NewsML [IPTC-NEWSML] is a standard from the International Press Telecommunications Council (IPTC) aimed at the transmission of news stories and the automation of newswire services. PRISM focuses on describing content and how it may be reused. While there is some overlap between the two standards, PRISM and NewsML are largely complementary. PRISM’s controlled vocabularies have been specified in such a way that they can be used in NewsML. The PRISM working group and the IPTC are working together to investigate a common format and metadata vocabulary to satisfy the needs of the members of both organizations.

News Industry Text Format (NITF)

NITF [IPTC-NITF] is another IPTC specification. NITF provides a DTD designed to mark up news stories. PRISM is a metadata vocabulary designed to describe resources and their relationship to other resources. Although NITF has some elements to specify metadata and header information that are duplicated in PRISM, the two standards are largely complementary. Where there is overlap, such as with PRISM’s inline markup, it is noted in the specification.

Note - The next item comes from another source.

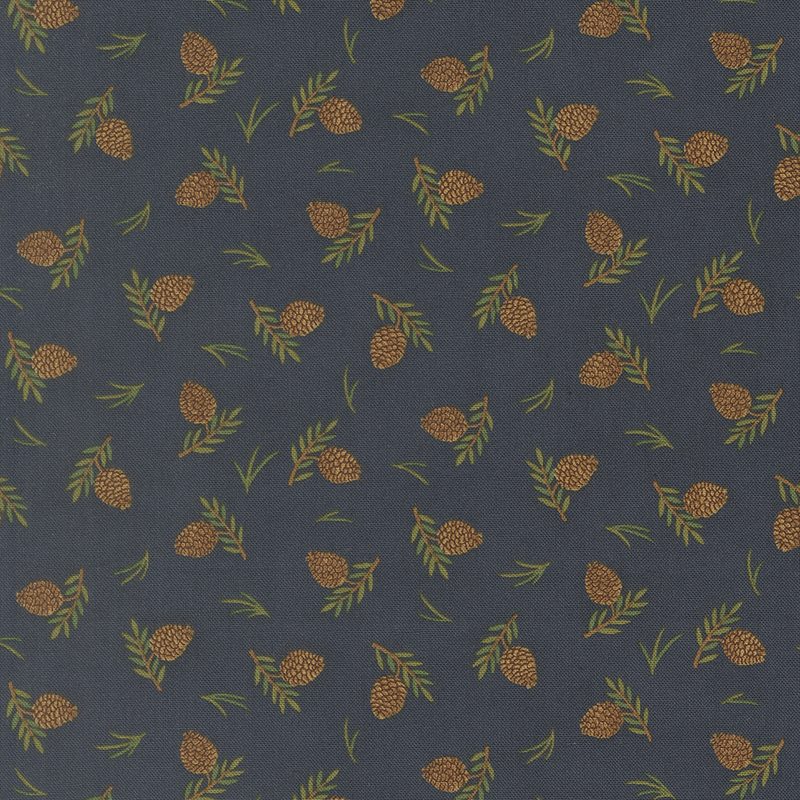 Blue fabric with a tossed pattern of pinecones and leaves.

Information and Content Exchange (ICE)

The Information and Content Exchange protocol manages and automates syndication relationships, data transfer, and results analysis. PRISM complements ICE by providing an industry-standard vocabulary to automate content reuse and syndication processes. To quote from the ICE specification [ICE]:

Reusing and redistributing information and content from one Web site to another is an ad hoc and expensive process. The expense derives from two different types of problem:

Before successfully sharing and reusing information, both ends need a common vocabulary.

Before successfully transferring any data and managing the relationship, both ends need a common protocol and management model.

Successful content syndication requires solving both halves of this puzzle.

Thus, there is a natural synergy between ICE and PRISM. ICE provides the protocol for syndication processes and PRISM provides a description of the resource being syndicated, which can be used to personalize the delivery of content to tightly-focused target markets.

The two working groups have recently defined the means for PRISM to describe ICE items and for ICE to convey PRISM descriptions.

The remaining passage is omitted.